The novelty of the research work lies in the design, better performance and evaluation of the HP-ETC system for the particular climatic conditions with techno-economic evaluation. As can be seen from the above brief literature review, very few experimental studies are available on HP-ETC-based solar water heating system and its techno-economic analysis for composite climate of India. No one performed experimental study for this technology under composite climate of India. Also, the designed heat pipe-based solar water heating system has been studied and optimized for different mass flow rates, viz., 20, 30, 40, 50 and 60 L per hour (LPH) in respect of energy and exergy analyses. This is very useful to achieve the low-to-medium temperature range applications through different flow rates, and same system can be used for residential and commercial applications such as water heating, swimming pool heating and solar cooking. Three different methods of economic analysis, namely annual cost, life-cycle savings and payback period, have been used for the comprehensive evaluation of the designed system for the better techno-economic analysis.

Experimental

The experimental investigation of the present study was carried out in outdoor condition of Shri Mata Vaishno Devi University, Katra, India (longitude = 32.9417°N, latitude = 74.9541°E), faced toward the south direction and tilted by an angle of 45°. One of the evacuated tubes of solar collector comprised of two concentric borosilicate glass tubes with vacuum in the order of 5 × 10−2 Pa in the annulus space between outer transparent glass tubes and selectively coated inner absorber tube. The outer glass tube is transparent for least reflection, and absorber tube is coated with black coating (Al–N/Al) for better absorption of sun radiation.

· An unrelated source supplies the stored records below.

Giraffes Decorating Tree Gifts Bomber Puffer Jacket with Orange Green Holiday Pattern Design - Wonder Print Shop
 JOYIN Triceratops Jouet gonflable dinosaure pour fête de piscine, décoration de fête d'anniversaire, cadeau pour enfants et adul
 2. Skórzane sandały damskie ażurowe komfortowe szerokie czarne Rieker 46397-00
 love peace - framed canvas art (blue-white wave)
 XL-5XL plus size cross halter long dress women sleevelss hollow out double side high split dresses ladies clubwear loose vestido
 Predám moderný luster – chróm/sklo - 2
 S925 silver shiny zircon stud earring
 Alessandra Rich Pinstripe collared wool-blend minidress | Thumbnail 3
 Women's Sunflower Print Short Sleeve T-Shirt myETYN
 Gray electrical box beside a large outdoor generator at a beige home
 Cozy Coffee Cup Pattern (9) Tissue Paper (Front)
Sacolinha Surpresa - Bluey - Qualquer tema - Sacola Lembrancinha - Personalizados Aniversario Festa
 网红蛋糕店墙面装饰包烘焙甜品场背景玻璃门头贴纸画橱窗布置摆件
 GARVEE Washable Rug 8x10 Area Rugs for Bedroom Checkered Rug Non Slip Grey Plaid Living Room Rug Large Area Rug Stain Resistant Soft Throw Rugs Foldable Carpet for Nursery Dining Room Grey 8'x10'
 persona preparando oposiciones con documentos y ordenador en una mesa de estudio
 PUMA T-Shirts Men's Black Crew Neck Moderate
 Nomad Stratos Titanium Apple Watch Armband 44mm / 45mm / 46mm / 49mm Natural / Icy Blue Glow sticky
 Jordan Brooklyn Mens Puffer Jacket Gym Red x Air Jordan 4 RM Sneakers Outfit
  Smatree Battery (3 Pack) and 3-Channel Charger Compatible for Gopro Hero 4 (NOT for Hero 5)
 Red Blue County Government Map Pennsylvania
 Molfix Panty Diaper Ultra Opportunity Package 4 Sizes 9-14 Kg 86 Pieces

The evacuated tubes equipped with heat pipe along with aluminum fins increase the heat transfer rate and a spring clips set that clamps the heat pipe with the absorber tube. The solar collector consists of such types of 20 sets of tubes which are further connected to the manifold.

When sunlight in the form of solar radiation hits the surface of the absorber tube, absorbed heat is transfer to fins of heat pipe. The moment when heat is transfer from fins to heating zone (evaporator section) of heat pipe, the low-boiling heat transfer fluid starts to vaporize and move to the cooling zone (condenser section). Finally, transfer of heat takes place from the condenser section to water flowing in the manifold. The specification of components and instrumentation used in solar water heating system is given in Tables 1 and 2. The experimental investigation was carried out with six different mass flow rates of water.

Table 1 Design parameters of HP-ETC solar water heater
Table 2 Specification of instrumentation

The water was supplied by a 20-W water pump from cold-water tank, and flow rate was controlled by control valve. The mass flow rate of water was measured by needle valve rotameter. The water coming out from the collector was collected in the insulated tank for further use. The inlet temperature, outlet temperature, ambient temperature and tank temperatures were recorded after every 1-min time interval. The complete layout of experimental setup is shown in Fig. 1.

Fig. 1
figure 1

Schematic diagram of the experimental setup

The instrument used for recording and measurement of temperature was Masibus 85xx + data logger with temperature sensors. The global solar radiation data for every 1-min time interval were gathered from Solar Radiation Resource Assessment (SRRA) station, Katra.

Thermodynamic analysis of evacuated tube collector

In this section, thermodynamic analysis of ETC system is presented. The experimental results have been investigated by a set of equations under the following assumptions:

  • All equations were developed under the steady-state test method for thermodynamic study of ETC system.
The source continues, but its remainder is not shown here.